I tried tightening the beta priors, but I worry this might make them too informative. I’m confused about how to proceed and how to balance having weakly informative priors while keeping the prior predictive distribution reasonable. I would be really grateful for any advice on this issue :)
Good on you for checking the prior predictive distribution. Shrinkage priors were developed exactly for this reason. I would recommend looking into the R2D2 prior paradigm, which is nicely implemented in brms and is an elegant solution to decomposing the explained variance between your predictors.

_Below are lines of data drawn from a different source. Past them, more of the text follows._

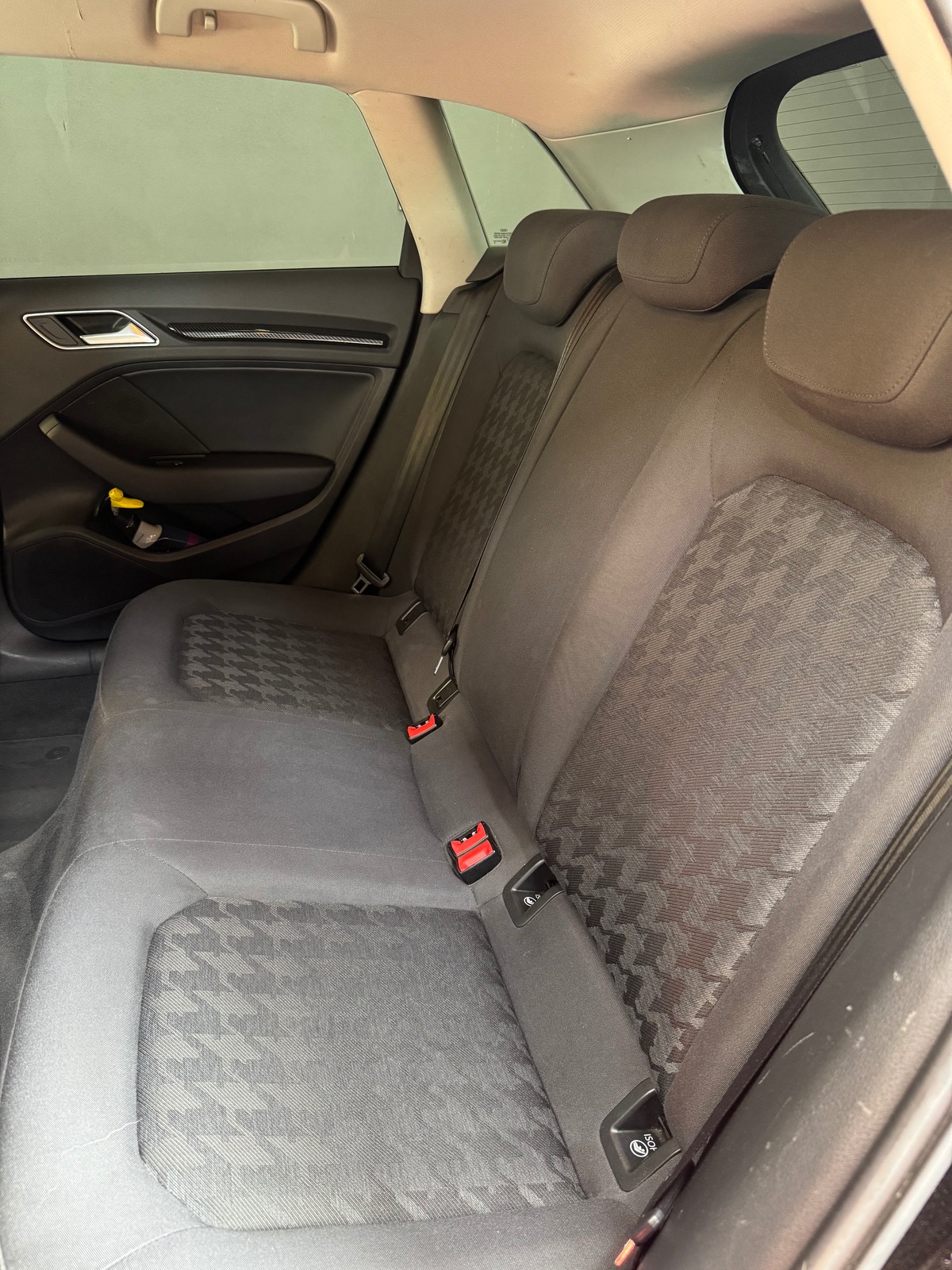Audi A3 1.6 tdi Business Line Garantie 6 mois ✅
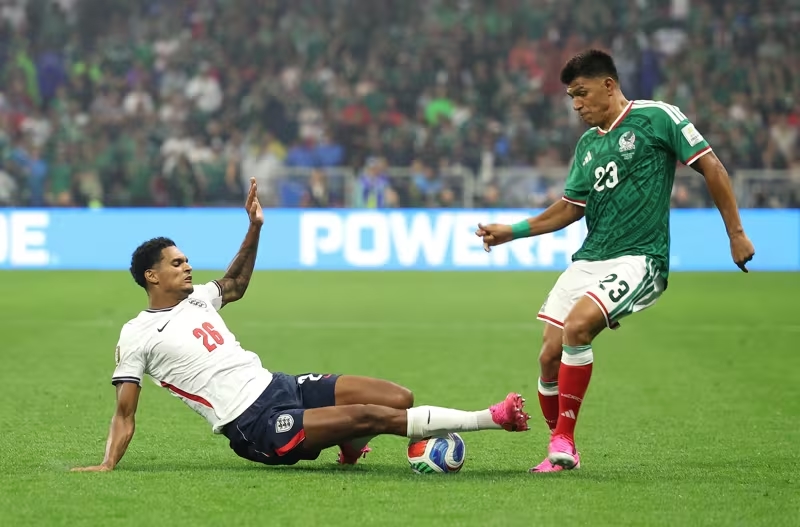 Jarell Quansah nhận thẻ đỏ sau pha vào bóng với Jesus Gallardo. Ảnh: FIFA.com.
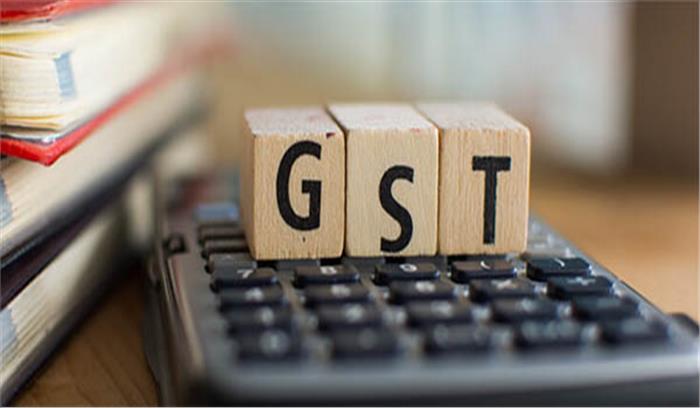 जीसएटी विरोध में दो गुटों में झड़प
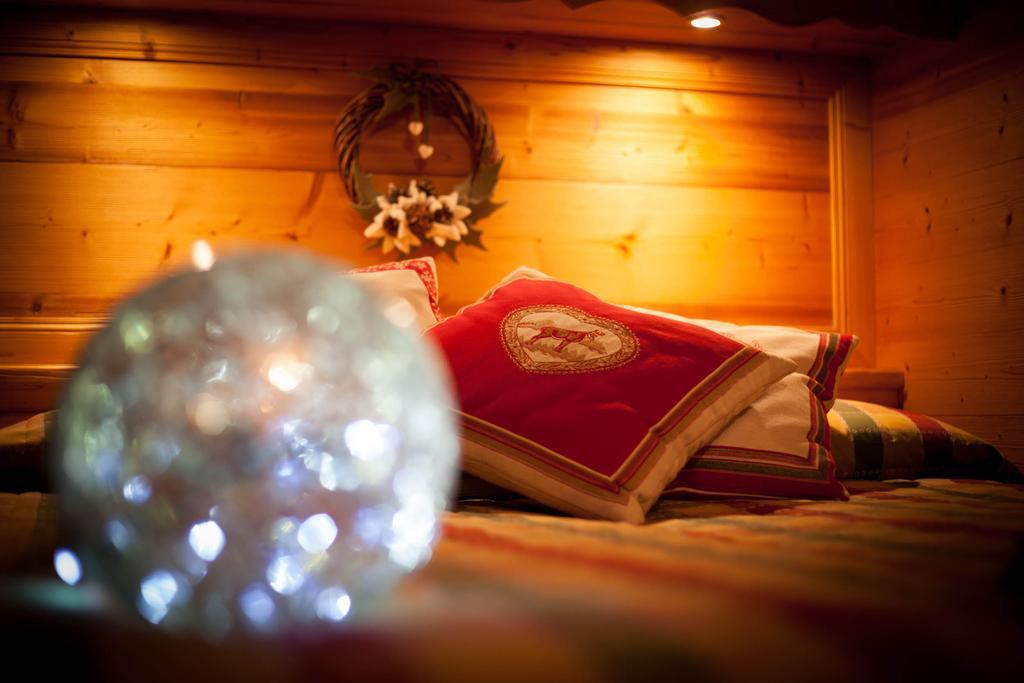 B&B Residence Checrouit Courmayeur Habitación foto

The problem you’re running into is that independent weakly informative priors do not add up to a multivariate weakly informative prior. This was the point of the (arguably misleadingly named) paper that led us to take prior predictive checks more seriously:
As @mhollanders pointed out, you probably need a better weakly informative joint prior from which to simulate. I don’t know if the R2D2 prior easily admits simulation, but @bgoodri will know.
Also, it’s OK to simulate from a more constrained prior than you will use to fit as long as there’s enough data to resolve the model. You can’t do strictly proper simulation based calibration this way, but I believe it’s what most of us do in practice.
Thank you so much for the reply and explanation @mhollanders and @Bob_Carpenter :) I will try working it out with R2D2 prior! @Bob_Carpenter, I am not sure if I understood your last point correctly: if the data is strong enough, the posterior will be dominated by it, so is it okay to use a slightly different (more constrained) prior for prior predictive checks? I might be misunderstanding.